▼

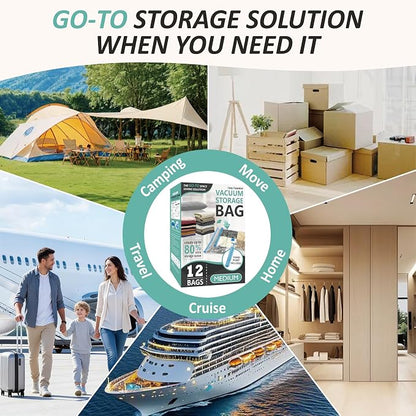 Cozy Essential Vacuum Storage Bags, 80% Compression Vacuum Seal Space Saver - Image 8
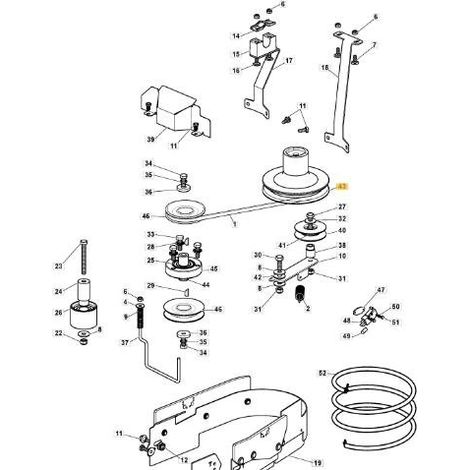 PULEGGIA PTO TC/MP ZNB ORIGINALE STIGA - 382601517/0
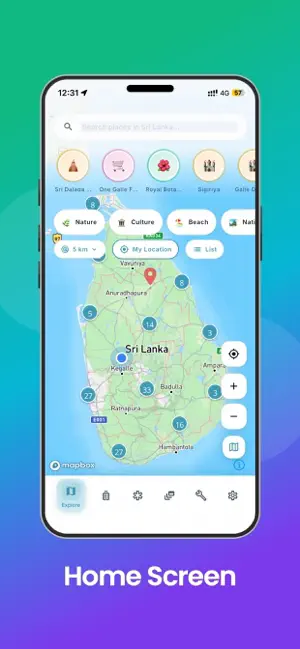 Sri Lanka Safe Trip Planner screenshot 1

▲
▼

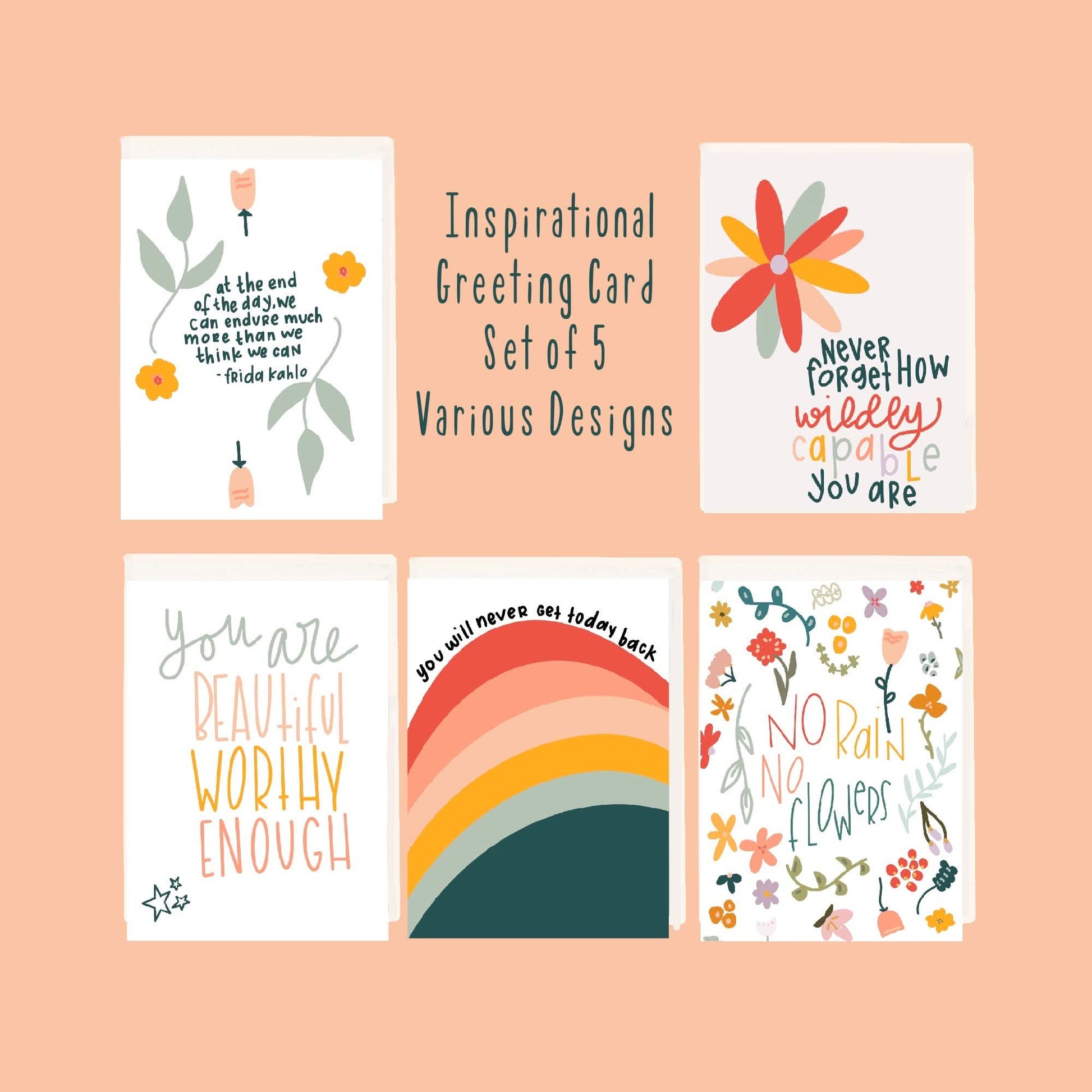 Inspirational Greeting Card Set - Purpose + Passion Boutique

▲
▼

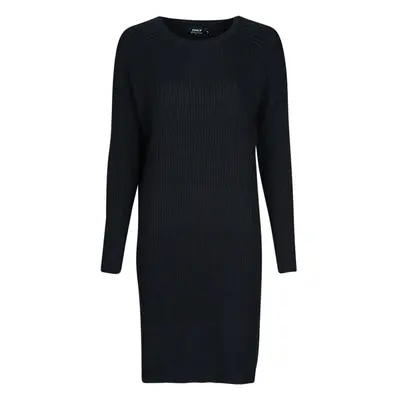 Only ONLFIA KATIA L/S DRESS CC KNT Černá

▲

**HOW TO COMPLETE THIS TASK:**
Only the lines above from the one with "Cozy Essential Vacuum" to the one with "Sri Lanka Safe Trip Planner screenshot 1" should be printed, both included and exactly as written; no picture belongs in the copy.

**RESPONSE:**
 Cozy Essential Vacuum Storage Bags, 80% Compression Vacuum Seal Space Saver - Image 8
 PULEGGIA PTO TC/MP ZNB ORIGINALE STIGA - 382601517/0
 Sri Lanka Safe Trip Planner screenshot 1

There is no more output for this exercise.